Short text fragments from websites
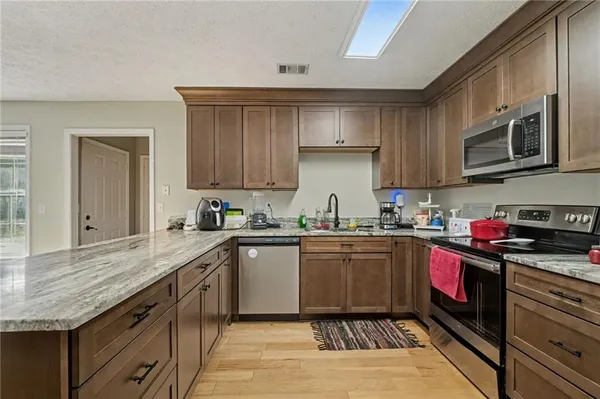 a kitchen with stainless steel appliances granite countertop a stove sink microwave and cabinets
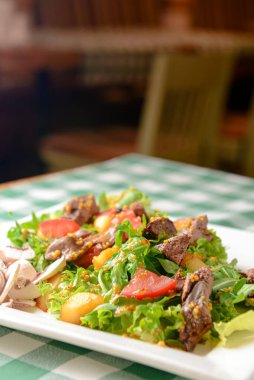 Sığır etli salata, domates, taze marul salatası ve roka, çiğ mantar ve dijon hardalından harika sos. Ekoseli masa örtüsü üzerine beyaz bir tabakta servis edilmiş. İtalyan mutfağı kavramı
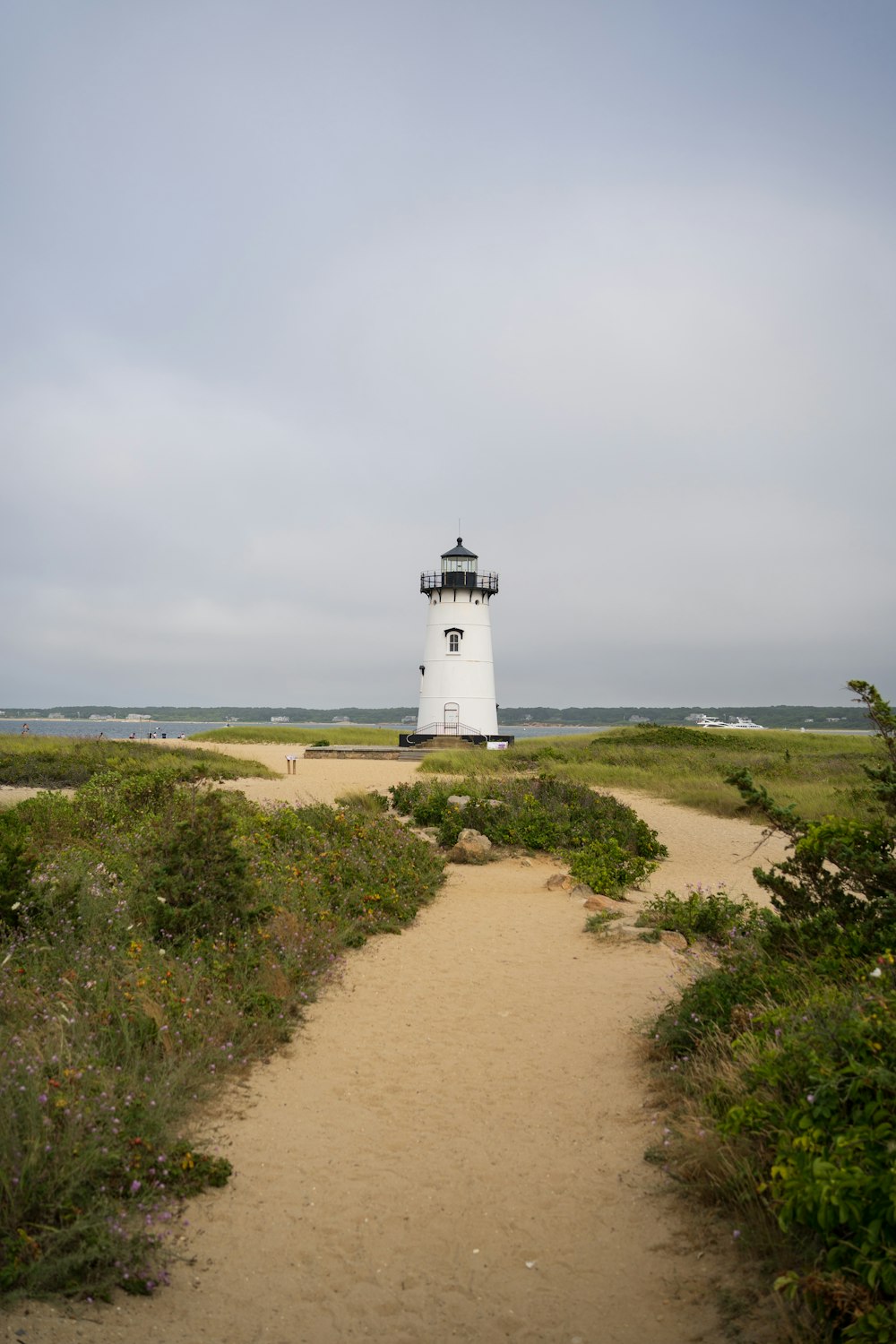 a lighthouse on a dirt path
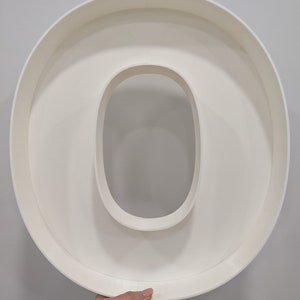 May include: White plastic letter O, large and hollow, for use in crafts or home decor.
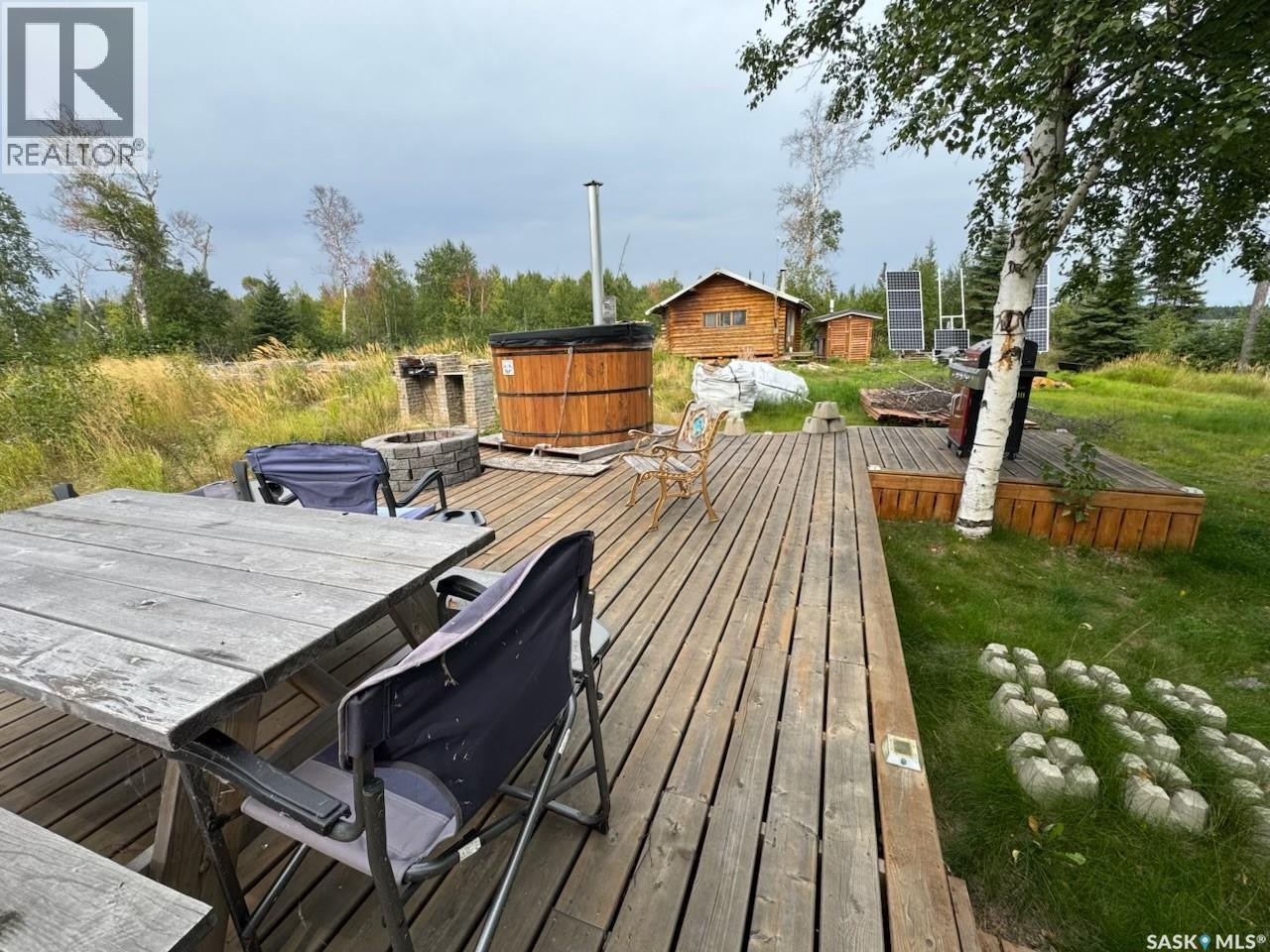 Cabin On Island Near Mooney Beach, Lac La Ronge Provincial Park, SK - Outdoor With Deck Patio Veranda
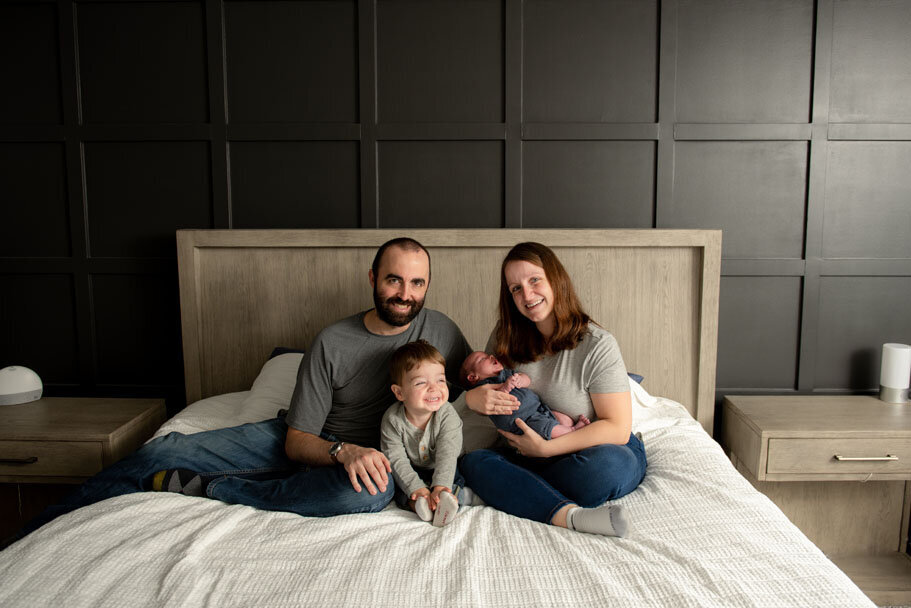 Troy Michigan family with newborn posing on the master bed smiling
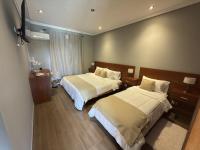 Chambre Triple - Vue sur Jardin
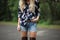 floral print shirt, paired with denim shorts and boots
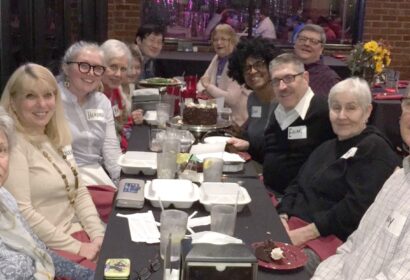 A group of people sit around a long table at a restaurant, smiling at the camera with food containers, drinks, and a chocolate cake in the center.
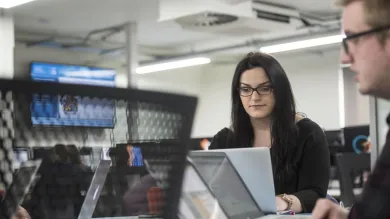 Two students with laptops sharing a table to work on a project together.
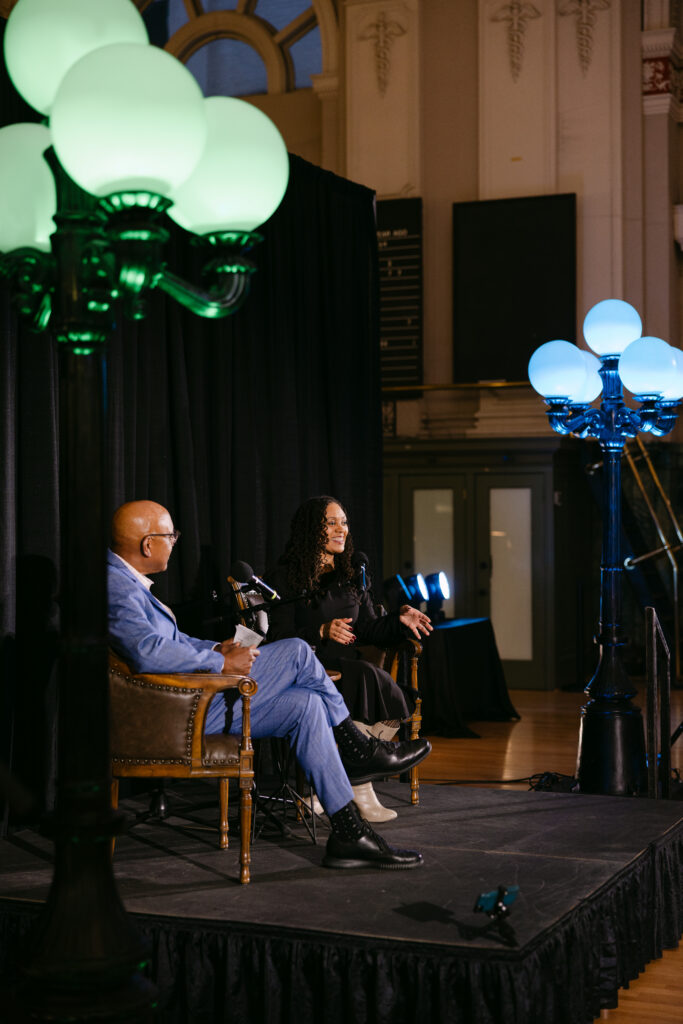 Two MPR speakers on stage with glowing globe lights at the Minneapolis Grain Exchange corporate gala — corporate event photography Minneapolis by Mycah Bain Photography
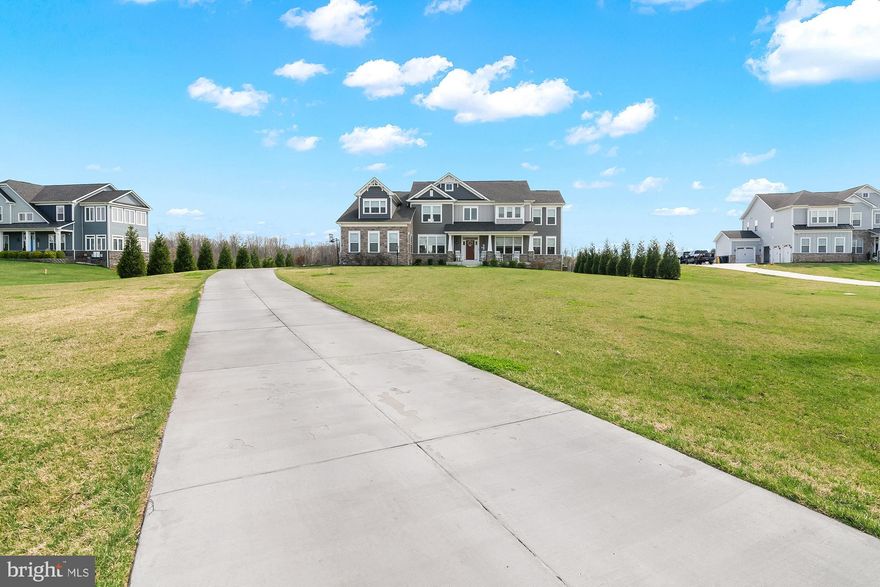 **Open House - Saturday, April 4th, 11-1 pm** Welcome to 1619 Carnoustie Road, an exceptional luxury estate nestled on 2 pristine acres in the highly sought-after Southern Hills community of Davidsonville. Offering over 7,600 square feet of beautifully designed living space, this impressive home combines elegance, comfort, and resort-style living with breathtaking views of the Renditions Golf Course.

From the moment you enter, you are greeted by a grand staircase and a gracious sitting area that sets the tone for the home’s sophisticated design. To the right, a private office or flex space features its own secluded deck—perfect for working from home or enjoying a quiet retreat. To the left, a formal dining room provides an ideal setting for hosting, while the main living room ahead showcases a warm gas fireplace and seamless flow for everyday living.

The heart of the home is the expansive chef’s kitchen, complete with stainless steel appliances and generous space for gathering and entertaining. Just beyond, a large screened-in porch and extended deck overlook the golf course, creating the perfect backdrop for indoor-outdoor living.
A rare main-level primary suite offers flexibility for multi-generational living or guest accommodations, complete with a full en suite bath.

Upstairs, you’ll find four spacious bedrooms, each with its own private en suite bath. The luxurious primary suite is truly a retreat, featuring stunning golf course views, a private mini kitchen, and a spa-inspired bathroom with dual vanities, a jetted soaking tub, and a walk-through shower with dual entries. Connected to the suite is a versatile flex space, ideal for a home gym, studio, or additional private lounge.

The fully finished lower level is designed for entertainment, featuring a dedicated movie theater, expansive recreation area, full bar, an additional bedroom, and a full bathroom—perfect for guests or extended stays.

Additional highlights include dual laundry rooms on both the main and upper levels, thoughtful layout for modern living, and exceptional indoor and outdoor spaces throughout.

This is luxury living at its finest in one of Davidsonville’s most prestigious communities!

**PROBLEM TO WORK ON**:
Repeat exactly the lines from the first line of the records above through the line containing "Renditions Golf Course.", both included. Leave out the pictures.

**SOLUTION**:
 a kitchen with stainless steel appliances granite countertop a stove sink microwave and cabinets
 Sığır etli salata, domates, taze marul salatası ve roka, çiğ mantar ve dijon hardalından harika sos. Ekoseli masa örtüsü üzerine beyaz bir tabakta servis edilmiş. İtalyan mutfağı kavramı
 a lighthouse on a dirt path
 May include: White plastic letter O, large and hollow, for use in crafts or home decor.
 Cabin On Island Near Mooney Beach, Lac La Ronge Provincial Park, SK - Outdoor With Deck Patio Veranda
 Troy Michigan family with newborn posing on the master bed smiling
 Chambre Triple - Vue sur Jardin
 floral print shirt, paired with denim shorts and boots
 A group of people sit around a long table at a restaurant, smiling at the camera with food containers, drinks, and a chocolate cake in the center.
 Two students with laptops sharing a table to work on a project together.
 Two MPR speakers on stage with glowing globe lights at the Minneapolis Grain Exchange corporate gala — corporate event photography Minneapolis by Mycah Bain Photography
 **Open House - Saturday, April 4th, 11-1 pm** Welcome to 1619 Carnoustie Road, an exceptional luxury estate nestled on 2 pristine acres in the highly sought-after Southern Hills community of Davidsonville. Offering over 7,600 square feet of beautifully designed living space, this impressive home combines elegance, comfort, and resort-style living with breathtaking views of the Renditions Golf Course.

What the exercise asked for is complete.